The Thrills

Much has been written about just how kooky it is that The Thrills, five lads from Dublin, have made the beginnings of a career by playing music steeped in the California sound of the 1960s. That’s four decades and a lot of geography between them.

But singer Conor Deasy doesn’t quite see it that way.

“It just sort of happened by accident, really,” he told Pollstar from Portland, one of the last stops on the band’s second tour of the States. “We just started listening to lots of records that we hadn’t paid too much attention to before. I wasn’t even really aware that they were particularly American records. I thought we were just listening to great songwriters, you know what I mean?

“And of course, a lot of the great songwriters from that time were American. Often, when you’re that close to music, you have a serious lack of perspective. You have no sense of objectivity about it.

“I know there is an American sound there, but it’s strange how oblivious we were to it because we were in the middle of it. It’s still only our first record though; we want to be one of those bands that is progressing and moving forward and not making the same sound over and over again,” Deasy said.

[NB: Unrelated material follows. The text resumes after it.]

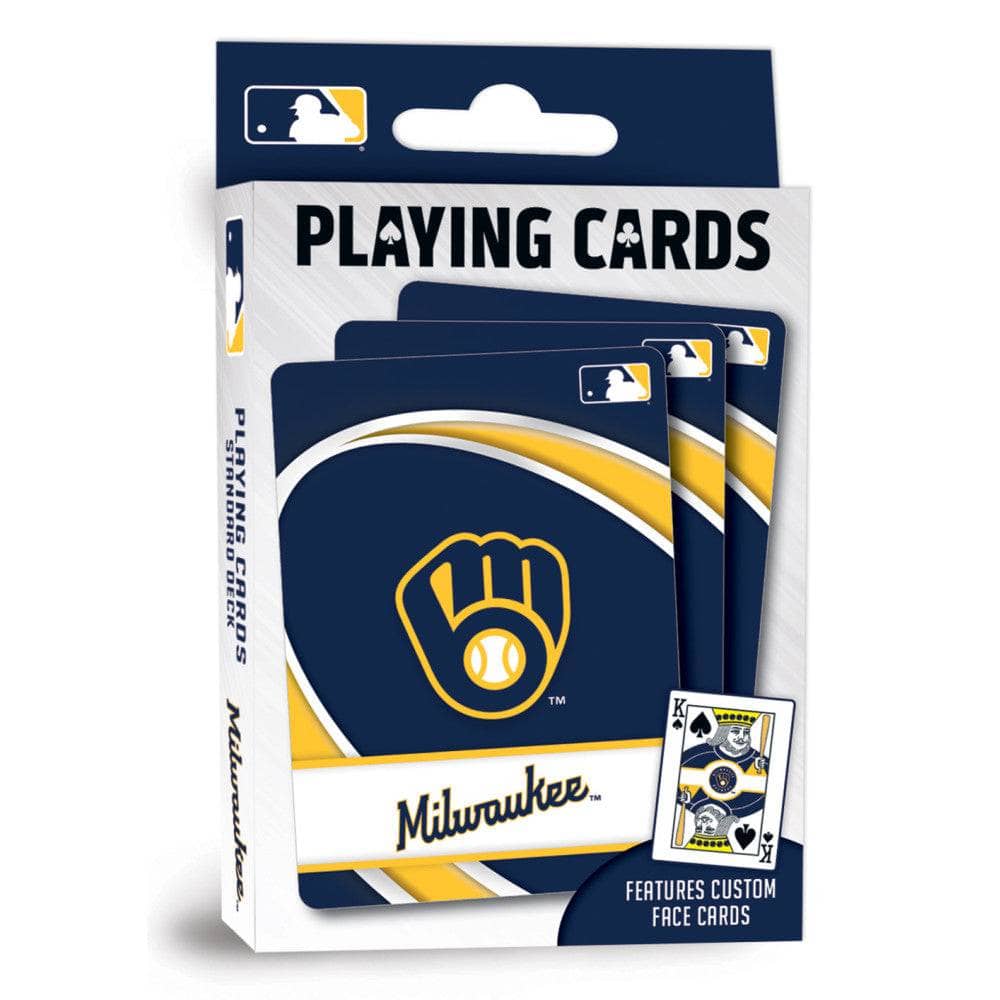 Milwaukee Brewers 54-Card Deck Playing Cards - Sports Gifts, Sports Memorabilia, Sports Collectibles, Fan Shop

The Thrills’ affair with California began years ago when the band members (Deasy, guitarist Daniel Ryan, drummer Ben Carrigan, keyboardist Kevin Horan and guitarist Padraic McMahon) all packed up to live in a one-bedroom flat in San Diego for a few months. There, they wrote the songs that would make up much of their debut, So Much For The City.

Perhaps it was the sea air, but the results were an awful lot like the Beach Boys and the Byrds, and packed with references to West Coast locations like Big Sur, Santa Cruz, San Francisco and Las Vegas.

When it came time to record, they landed back in Cali, this time in Hollywood, about a year and a half ago. They took the songs back home and Dublin friends passed the disc over to an unlikely admirer, Morrissey. He invited the quintet to open for his comeback special at Royal Albert Hall. The time since has been filled with accolades for The Thrills’ recorded work and live shows.

The Thrills

The album was released in America on Virgin Records last fall and the band is hitting the territory hard, learning the peculiarities of touring in the States, like playing acoustic sets at radio stations to promote gigs – which is where they were headed when Pollstar talked to them.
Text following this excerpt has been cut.